__Provided information__:

:::

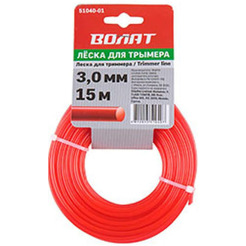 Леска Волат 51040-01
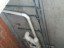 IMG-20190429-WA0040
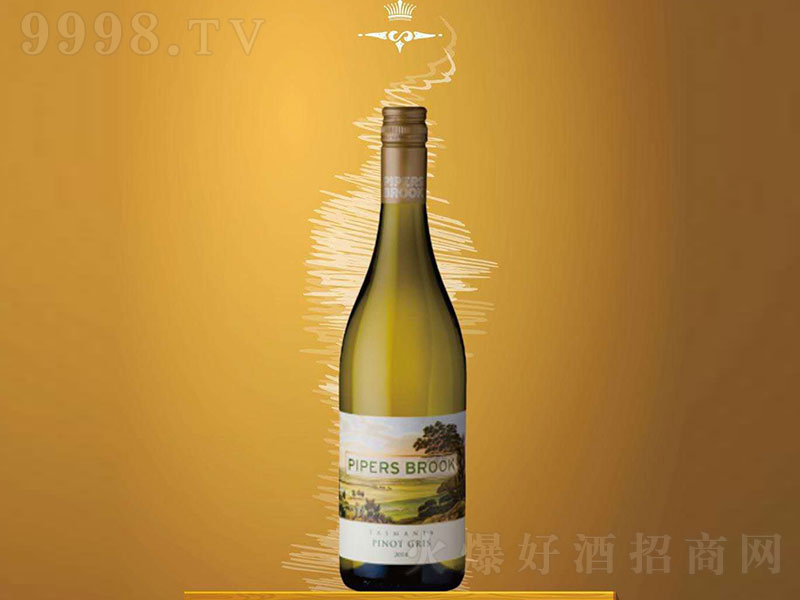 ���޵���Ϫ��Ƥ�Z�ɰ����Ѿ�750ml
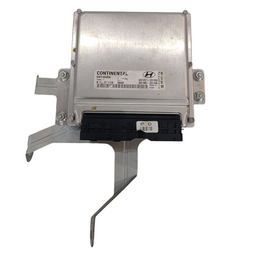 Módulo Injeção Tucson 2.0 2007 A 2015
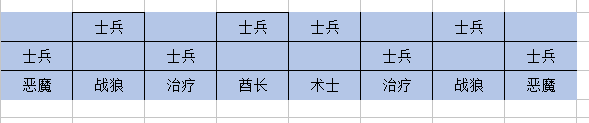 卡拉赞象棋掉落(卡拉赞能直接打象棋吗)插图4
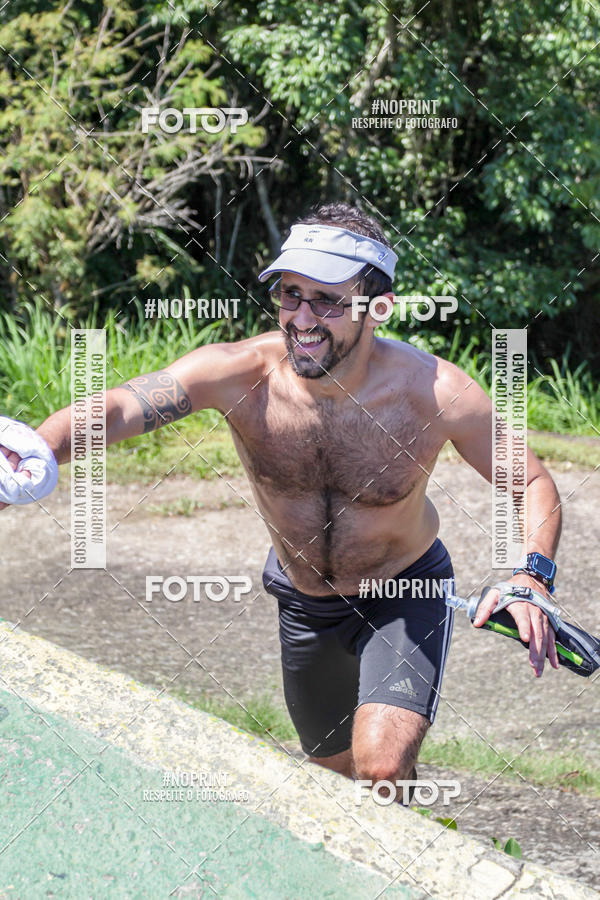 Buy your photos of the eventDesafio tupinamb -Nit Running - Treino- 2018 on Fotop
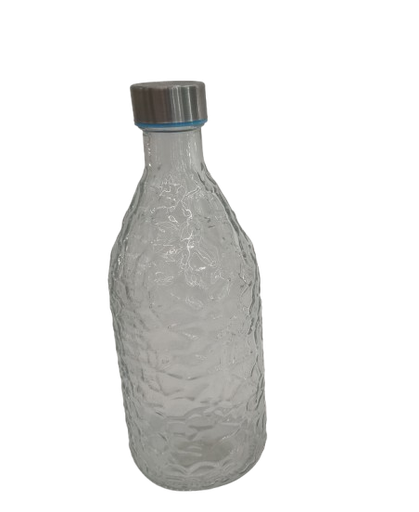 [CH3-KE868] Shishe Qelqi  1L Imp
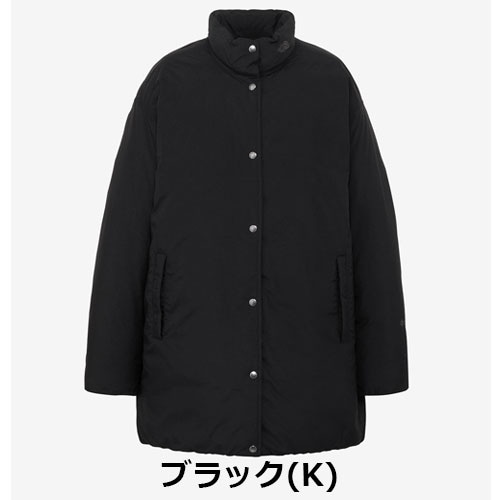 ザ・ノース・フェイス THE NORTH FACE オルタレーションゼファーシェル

:::

__Exercise__:
Write out the records word for word. Pictures stay out.

__Result of the task__:
 Леска Волат 51040-01
 IMG-20190429-WA0040
 ���޵���Ϫ��Ƥ�Z�ɰ����Ѿ�750ml
 Módulo Injeção Tucson 2.0 2007 A 2015
 卡拉赞象棋掉落(卡拉赞能直接打象棋吗)插图4
 Buy your photos of the eventDesafio tupinamb -Nit Running - Treino- 2018 on Fotop
 [CH3-KE868] Shishe Qelqi  1L Imp
 ザ・ノース・フェイス THE NORTH FACE オルタレーションゼファーシェル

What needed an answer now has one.